REQUIRED ACTION ▸ The reply must consist of the lines from the first line of the records through the line containing "skænk 57x35x90 cm konstrueret træ hvid", copied exactly, with every picture omitted.

Captioned web image data
◇ ◇ ◇ ◇ ◇ ◇ ◇
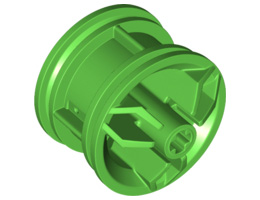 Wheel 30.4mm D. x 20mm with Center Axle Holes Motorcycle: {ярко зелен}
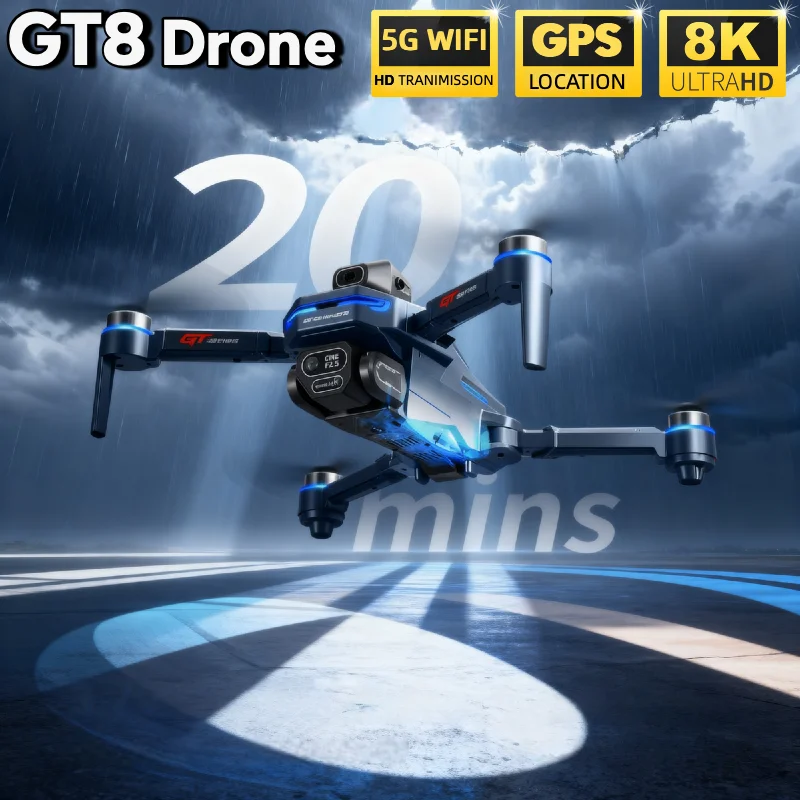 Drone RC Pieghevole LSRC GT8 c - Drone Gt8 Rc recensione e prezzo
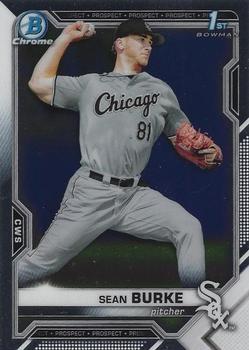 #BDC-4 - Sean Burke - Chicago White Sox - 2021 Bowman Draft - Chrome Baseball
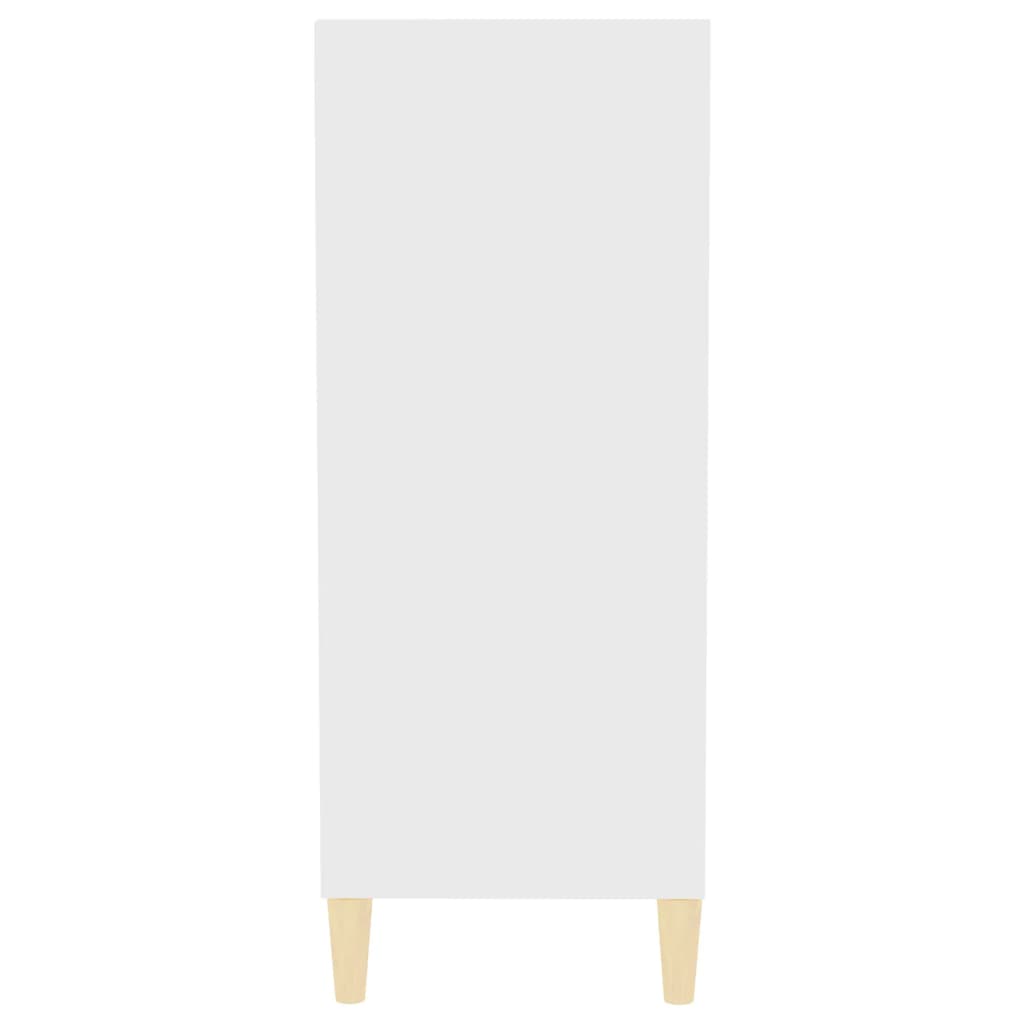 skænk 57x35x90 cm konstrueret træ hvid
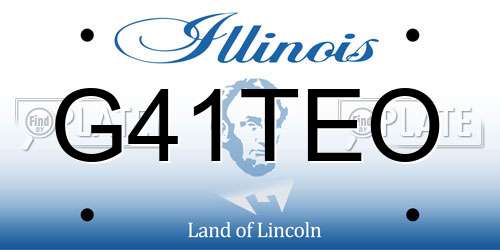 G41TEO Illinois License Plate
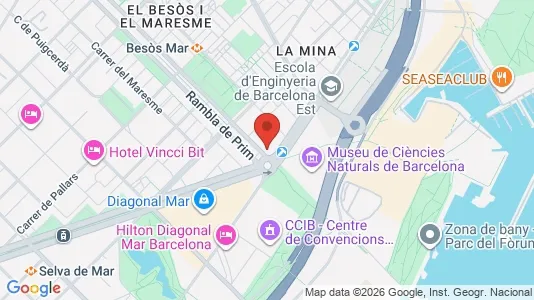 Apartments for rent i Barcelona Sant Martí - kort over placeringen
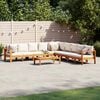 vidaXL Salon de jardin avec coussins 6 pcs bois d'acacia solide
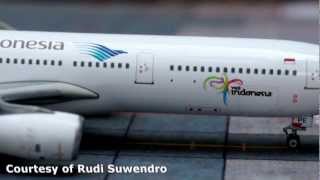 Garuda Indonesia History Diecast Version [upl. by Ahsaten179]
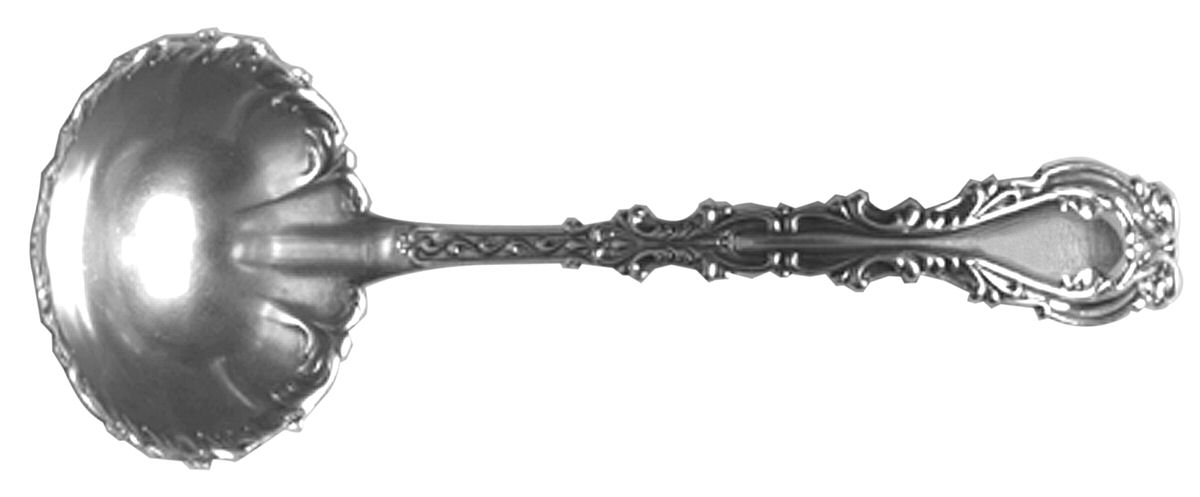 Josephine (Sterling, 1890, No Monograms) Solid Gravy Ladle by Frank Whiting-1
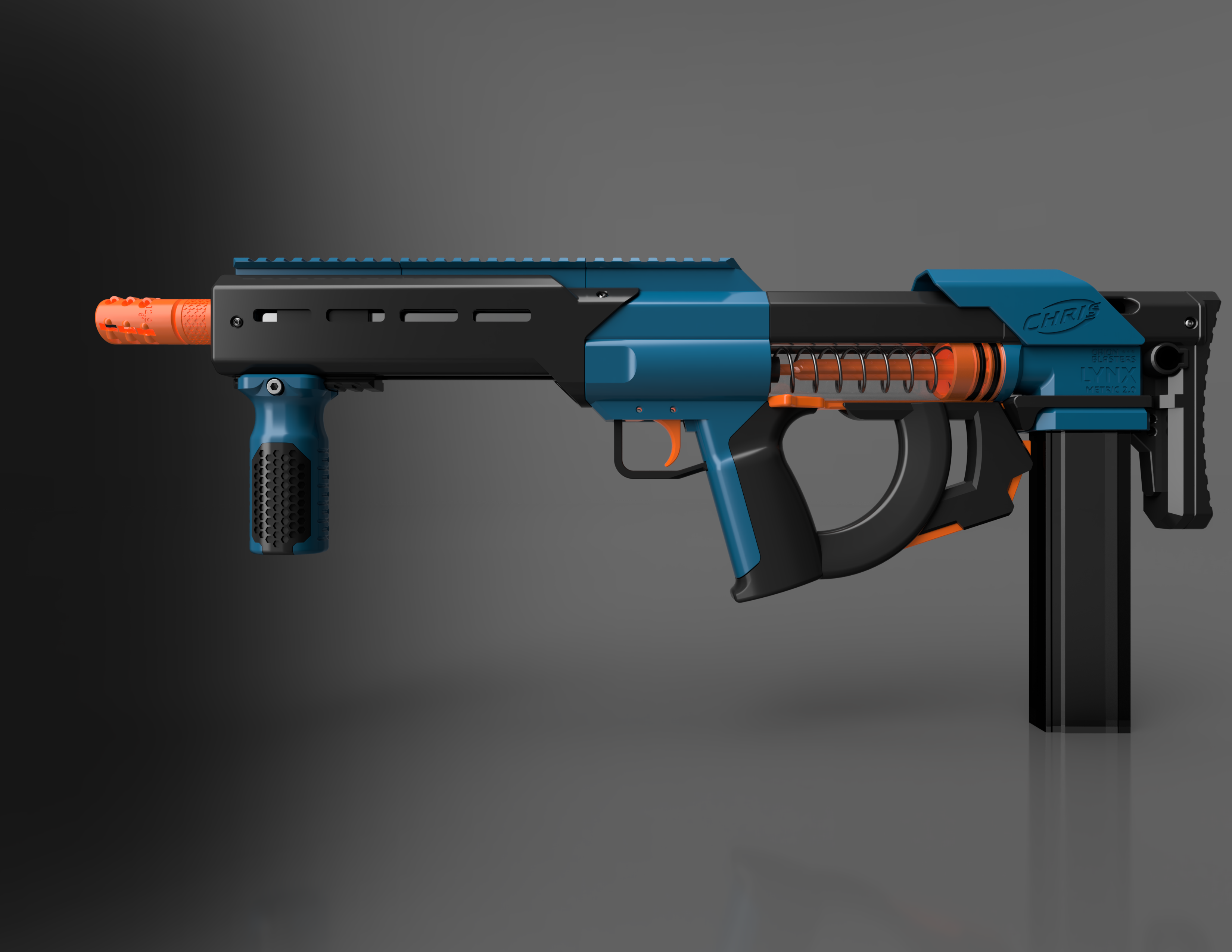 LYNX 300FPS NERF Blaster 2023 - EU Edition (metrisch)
◇ ◇ ◇ ◇ ◇ ◇ ◇
TASK RESPONSE ▸
 Wheel 30.4mm D. x 20mm with Center Axle Holes Motorcycle: {ярко зелен}
 Drone RC Pieghevole LSRC GT8 c - Drone Gt8 Rc recensione e prezzo
 #BDC-4 - Sean Burke - Chicago White Sox - 2021 Bowman Draft - Chrome Baseball
 skænk 57x35x90 cm konstrueret træ hvid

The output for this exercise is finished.